Este ano, que se aproxima do fim, simbolizou a passagem do bastão - um choque de realidade para fãs e músicos que cresceram idolatrando nomes hoje eternizados. O adeus do Black Sabbath, a morte de Ozzy Osbourne e o fim do Megadeth ecoaram como capítulos de um mesmo epitáfio: a despedida definitiva de uma geração que escreveu, por meio de riffs e distorções, a história do metal. E, ainda assim, em meio ao luto, o retorno do Rush reacendeu um sentimento de reverência e esperança - um lembrete de que a arte, mesmo diante do fim, sempre encontra maneiras de continuar.
Black Sabbath - Mais Novidades
O crepúsculo dos gigantes
Quando o Black Sabbath anunciou seu último show, parecia o fechamento de um círculo perfeito. Nascido em Birmingham, o grupo que deu nome e forma ao heavy metal encerrou sua trajetória com o mesmo peso que a consagrou - e na mesma cidade onde tudo começou. Dias depois dessa grandiosa celebração, mais precisamente em 22 de julho, o lendário Ozzy Osbourne, vocalista original do quarteto, faleceu aos 76 anos.
Sua morte foi mais do que a despedida de um ícone: representou o apagar de uma chama que iluminou gerações inteiras de músicos. Poucos artistas conseguiram condensar tanto carisma, intensidade e identidade em uma só figura.

O fim do Megadeth
No início de agosto, o Megadeth anunciou seu último disco - com lançamento previsto para janeiro de 2026 - e sua turnê de despedida. A banda liderada pelo guitarrista e vocalista Dave Mustaine, uma das maiores expoentes do thrash metal, encerrará sua jornada após quatro décadas de carreira e incontáveis reinvenções.

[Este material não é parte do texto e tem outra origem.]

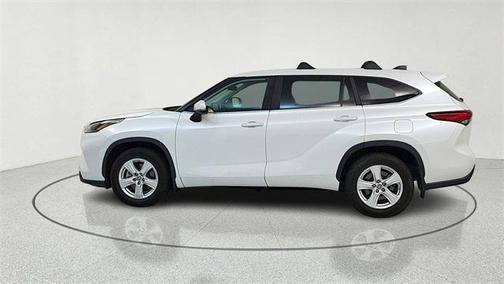 2023 Toyota Highlander LE I4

As mortes de Brenth Hinds e Tomas Lindberg
Um dos nomes mais importantes do metal contemporâneo, o guitarrista e vocalista Brent Hinds faleceu no dia 20 de agosto, aos 51 anos, após sofrer um acidente de moto. Seu falecimento ocorreu poucos meses depois de o Mastodon anunciar sua saída, encerrando uma parceria iniciada em 2000. Uma perda precoce e irreparável.

Quem também nos deixou foi Tomas Lindberg, vocalista do At the Gates, grupo sueco considerado pioneiro do melodic death metal. O cantor e compositor morreu no dia 16 de setembro, após uma batalha contra um câncer raro.

O retorno do Rush
Quando parecia que nada mais surpreendente poderia acontecer, a banda canadense Rush pegou todos de surpresa no dia 6 de outubro. Inativo há uma década, o trio anunciou uma turnê em comemoração aos seus 50 anos. O genial Neil Peart, falecido em 2020, será substituído pela baterista alemã Anika Nilles.

Vale ressaltar que ainda estamos em outubro - e muita coisa pode acontecer. No entanto, mesmo que nada mais de tão marcante se concretize, 2025 já entrou para a história como o ano que virou o mundo do rock e do heavy metal de cabeça para baixo.